Quant au gâteau de tante Berthe dont tu me parles, il est probable qu’il n’a pas été perdu pour tout le monde. En tous cas, je n’en ai jamais entendu parler depuis. C’est le premier colis que l’on m’ait envoyé sans succès. Il ne faut pas se plaindre par ces temps-ci.

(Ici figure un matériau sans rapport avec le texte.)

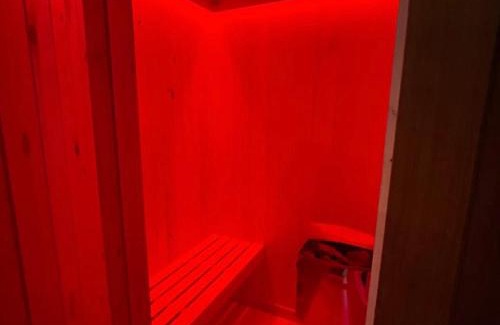 Hale Apartamento | Peaceful retreat with hot tub and sauna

Au revoir, chère Maman, embrasse bien tendrement Mad. et Mug. de ma part et préviens-moi de la date de votre départ..............

16 novembre

Retour en auto à Ecuelle, puis à Quercigny, puis le soir à Bey où se trouve mon peloton.

17-19 novembre

Avant-postes à Bey: village très bien fortifié et pas très dangereux. Assez bien installés.

17 novembre

Ce n’est pas de Saulxures que je t’écris aujourd’hui, ce n’est même pas dans ce brave Armaucourt où nous n’irons certainement jamais plus. La Compagnie a changé de secteur, chassée par un régiment de hussards qui prend notre place, elle a appuyé à droite et puisque tu as la carte, regarde:

Nous occupons le village de Bey. Tu verras par sa position qu’il n’est pas si agréable à occuper qu’Armaucourt parce que, beaucoup plus près des Boches dont nous ne sommes séparés par endroits que par la Seille et une largeur de 150 mètres. Ce village est très très abîmé, je t’en enverrai quelques photos prochainement. Il est d’ailleurs fortifié encore plus sérieusement qu’Armaucourt et on peut le comparer à Carency ou Neuville-St-Waast, non pas pour le danger, rassure toi, mais par les abris, boyaux, souterrains, blockhaus, catacombes, etc... qui le sillonnent et l’encombrent.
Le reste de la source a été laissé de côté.